## Instructions to follow
Your answer must be the exact lines from the one holding "Terrain à BERRE-LES-ALPES" through the last line of the records below, with no pictures.

## Available records
╭──

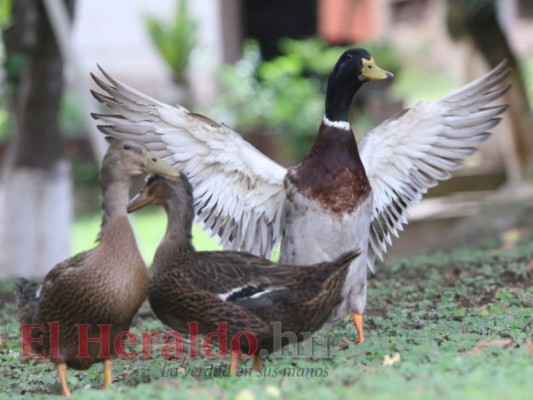 La nobleza de los animales al servicio de la salud de los hondureños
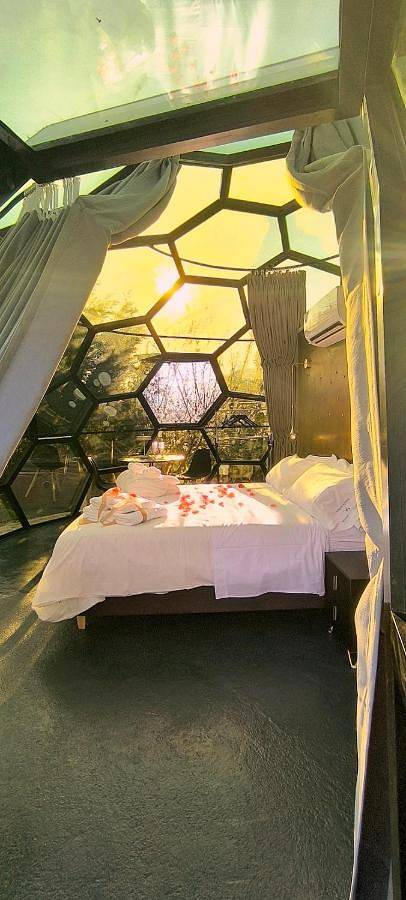 Glamping El Jardín De Las Delizias Valle Del Jerte in Casas del Castañar, Valle del Jerte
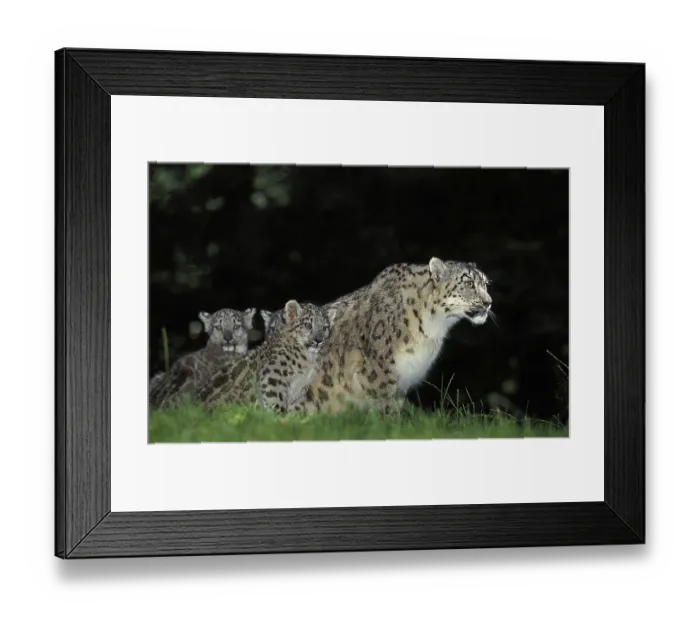 Framed Print : Snow leopard or ounce, uncia uncia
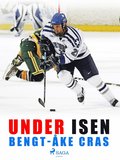 Under isen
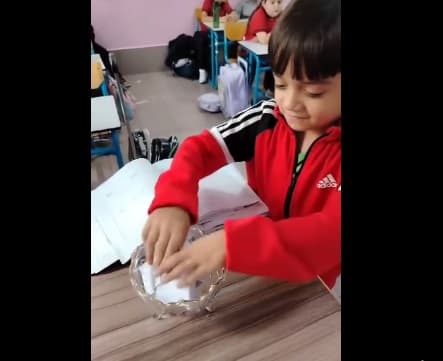 Grade 2 students finding out the differences between fresh water and salty water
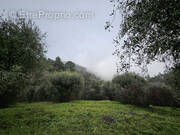 Terrain à BERRE-LES-ALPES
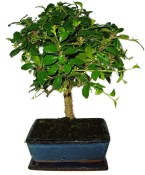 Pokojová bonsaj Carmona microphylla - čaj fuki 914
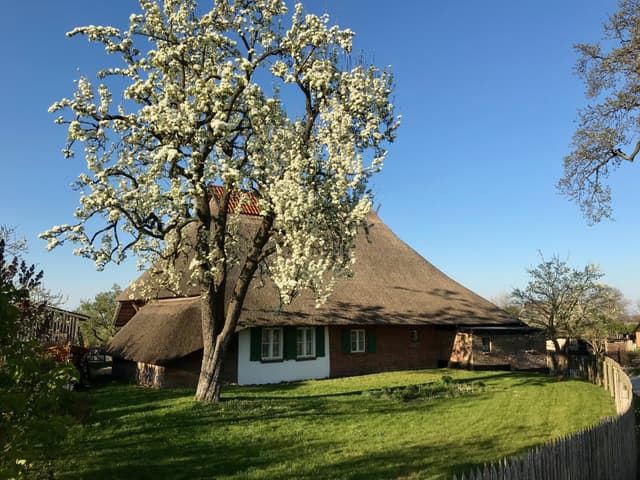 Büdnerei Hoben 12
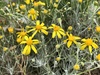 Threadleaf Groundsel - Photo (c) Jason K., some rights reserved (CC BY-NC), uploaded by Jason K.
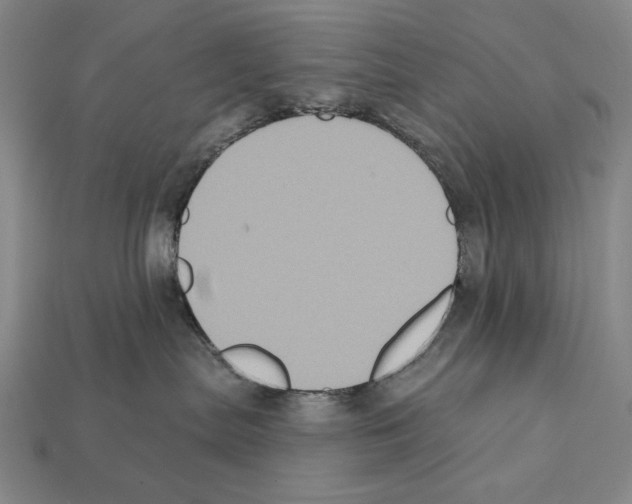 X0000112030287200909141103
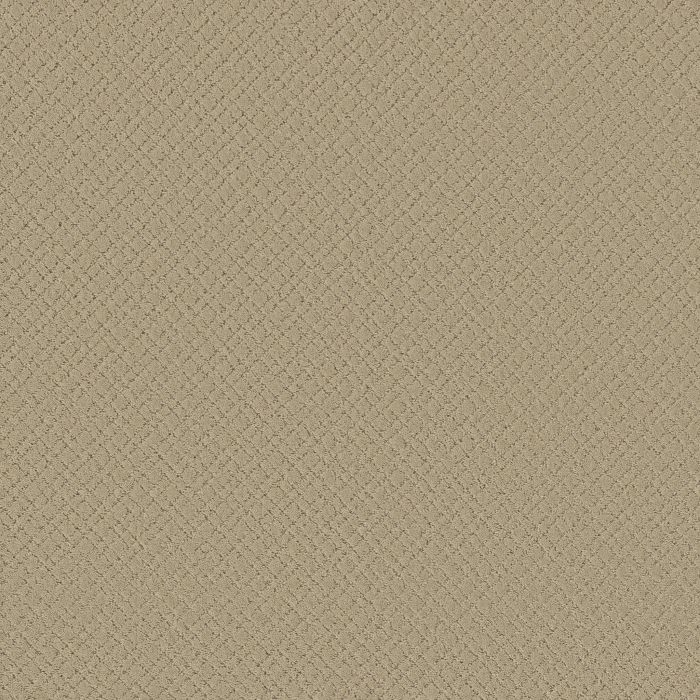 Anderson Tuftex Mosaic Bungalow Carpet - ZZ076-00103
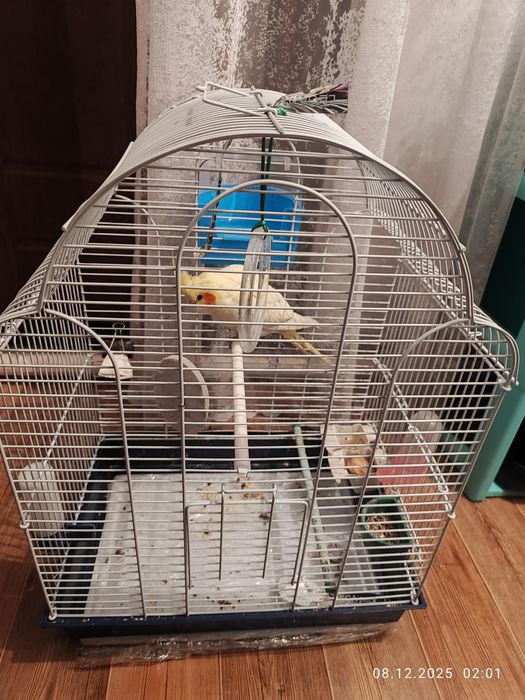 Продам попугая Корелла, самец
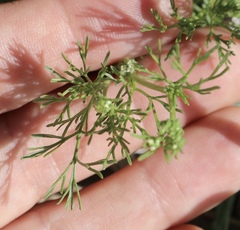 Ammoselinum popei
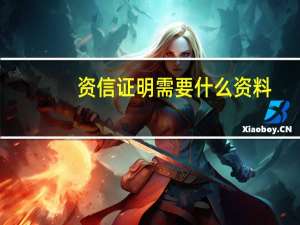 资信证明需要什么资料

╰──

## Output below
 Terrain à BERRE-LES-ALPES
 Pokojová bonsaj Carmona microphylla - čaj fuki 914
 Büdnerei Hoben 12
 Threadleaf Groundsel - Photo (c) Jason K., some rights reserved (CC BY-NC), uploaded by Jason K.
 X0000112030287200909141103
 Anderson Tuftex Mosaic Bungalow Carpet - ZZ076-00103
 Продам попугая Корелла, самец
 Ammoselinum popei
 资信证明需要什么资料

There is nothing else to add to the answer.